__Records to use__
========================

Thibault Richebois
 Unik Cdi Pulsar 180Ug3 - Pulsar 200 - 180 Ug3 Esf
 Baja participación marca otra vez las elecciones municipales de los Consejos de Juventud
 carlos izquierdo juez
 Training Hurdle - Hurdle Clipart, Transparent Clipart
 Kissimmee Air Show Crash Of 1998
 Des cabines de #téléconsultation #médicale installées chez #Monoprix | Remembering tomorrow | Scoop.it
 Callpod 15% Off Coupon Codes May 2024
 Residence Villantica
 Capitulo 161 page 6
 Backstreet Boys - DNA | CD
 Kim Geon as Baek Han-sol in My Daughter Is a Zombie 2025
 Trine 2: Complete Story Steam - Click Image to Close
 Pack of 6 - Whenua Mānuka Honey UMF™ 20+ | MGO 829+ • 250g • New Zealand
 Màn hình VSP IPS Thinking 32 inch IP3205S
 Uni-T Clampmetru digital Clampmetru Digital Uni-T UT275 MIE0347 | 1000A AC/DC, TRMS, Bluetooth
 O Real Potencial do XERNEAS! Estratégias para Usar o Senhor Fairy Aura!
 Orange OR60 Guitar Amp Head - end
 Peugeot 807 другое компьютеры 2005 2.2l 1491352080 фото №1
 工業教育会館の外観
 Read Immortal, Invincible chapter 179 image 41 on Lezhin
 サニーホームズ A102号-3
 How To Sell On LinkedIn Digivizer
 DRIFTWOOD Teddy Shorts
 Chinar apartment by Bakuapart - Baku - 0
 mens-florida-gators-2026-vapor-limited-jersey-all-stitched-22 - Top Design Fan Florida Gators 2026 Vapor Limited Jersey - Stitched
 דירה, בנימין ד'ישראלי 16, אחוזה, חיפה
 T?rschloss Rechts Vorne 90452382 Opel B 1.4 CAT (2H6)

========================

__Your task__
Each line above should be duplicated without any alteration.

__Answer area__
Thibault Richebois
 Unik Cdi Pulsar 180Ug3 - Pulsar 200 - 180 Ug3 Esf
 Baja participación marca otra vez las elecciones municipales de los Consejos de Juventud
 carlos izquierdo juez
 Training Hurdle - Hurdle Clipart, Transparent Clipart
 Kissimmee Air Show Crash Of 1998
 Des cabines de #téléconsultation #médicale installées chez #Monoprix | Remembering tomorrow | Scoop.it
 Callpod 15% Off Coupon Codes May 2024
 Residence Villantica
 Capitulo 161 page 6
 Backstreet Boys - DNA | CD
 Kim Geon as Baek Han-sol in My Daughter Is a Zombie 2025
 Trine 2: Complete Story Steam - Click Image to Close
 Pack of 6 - Whenua Mānuka Honey UMF™ 20+ | MGO 829+ • 250g • New Zealand
 Màn hình VSP IPS Thinking 32 inch IP3205S
 Uni-T Clampmetru digital Clampmetru Digital Uni-T UT275 MIE0347 | 1000A AC/DC, TRMS, Bluetooth
 O Real Potencial do XERNEAS! Estratégias para Usar o Senhor Fairy Aura!
 Orange OR60 Guitar Amp Head - end
 Peugeot 807 другое компьютеры 2005 2.2l 1491352080 фото №1
 工業教育会館の外観
 Read Immortal, Invincible chapter 179 image 41 on Lezhin
 サニーホームズ A102号-3
 How To Sell On LinkedIn Digivizer
 DRIFTWOOD Teddy Shorts
 Chinar apartment by Bakuapart - Baku - 0
 mens-florida-gators-2026-vapor-limited-jersey-all-stitched-22 - Top Design Fan Florida Gators 2026 Vapor Limited Jersey - Stitched
 דירה, בנימין ד'ישראלי 16, אחוזה, חיפה
 T?rschloss Rechts Vorne 90452382 Opel B 1.4 CAT (2H6)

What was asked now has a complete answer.